Algunas veces, durante el primer encuentro entre dos músicos, brota entre ellos una química especial, una suerte de identificación instintiva que trasciende la simple constatación de los méritos y las aspiraciones de cada uno. Cuando el 6 de julio de 1957, en una celebración en los jardines de la iglesia parroquial de Woolton, el quinceañero Paul McCartney conoció a John Lennon, un año mayor que él, ambos muchachos se quedaron mutuamente sorprendidos del talento del otro, y dos semanas más tarde McCartney fue invitado a unirse a los Quarrymen. Cuando la tarde del 12 de agosto de 1968 Jimmy Page invitó a John Paul Jones, Robert Plant y John Bonham para tocar juntos en el estudio de un sótano de la Gerrard Street londinense, los cuatro hombres se dieron cuenta de que habían dado con una aleación de proporciones colosales antes de terminar «Train Kept A-Rollin», la primera canción que interpretaron juntos. Las sesiones para componer el debut de Led Zeppelin comenzarían la semana siguiente.

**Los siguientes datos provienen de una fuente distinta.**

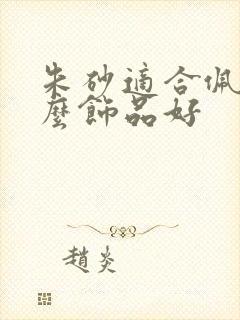 朱砂适合佩戴什么饰品好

Sin embargo, no hubo ni rastro de esa magia intangible la primera vez que James Hetfield y Lars Ulrich se reunieron. Se mire como se mire, la sesión que había reservado Hugh Tanner fue un fiasco, y la culpa recayó sobre las baquetas de Lars Ulrich. Dicho secamente, aquel chaval no sabía tocar. Sí que le daba bien a la lengua, parloteando sin pausa con un acento cantarín que parecía atravesar el océano Atlántico sin necesidad de echar ningún ancla, pero lo que era mantener hasta el más rudimentario 4/4 se le hacía una montaña inalcanzable. Perdiéndose en la música, con los ojos cerrados ante el pie de micro, Hetfield era una y otra vez devuelto a la realidad del local mientras la sesión llegaba de forma calamitosa a un final prematuro. Si abría los ojos, el californiano veía el tambaleo terminal de los platillos y la caja ante las sacudidas entusiastas que les propinaba el joven batería que había detrás. El bochorno acabó cuando Tanner paró la sesión, aunque aún no se hubiera agotado el tiempo reservado. Ulrich, no obstante, parecía igual de animado. Mientras cargaba su kit en la parte trasera del AMC Pacer de su madre, el batería exclamó: «¡Tenemos que repetirlo!». Hetfield y Tanner sonrieron con caballerosidad y emitieron unos bufidos de asentimiento. Ya que no es precisamente una persona dada a mirar por los retrovisores de la vida, mientras partía desde ese estudio para cubrir los treinta minutos de camino hasta Newport Beach, Lars Ulrich se quedó sin ver a sus nuevos amigos intercambiar unas sonrisas, para luego estallar en carcajadas.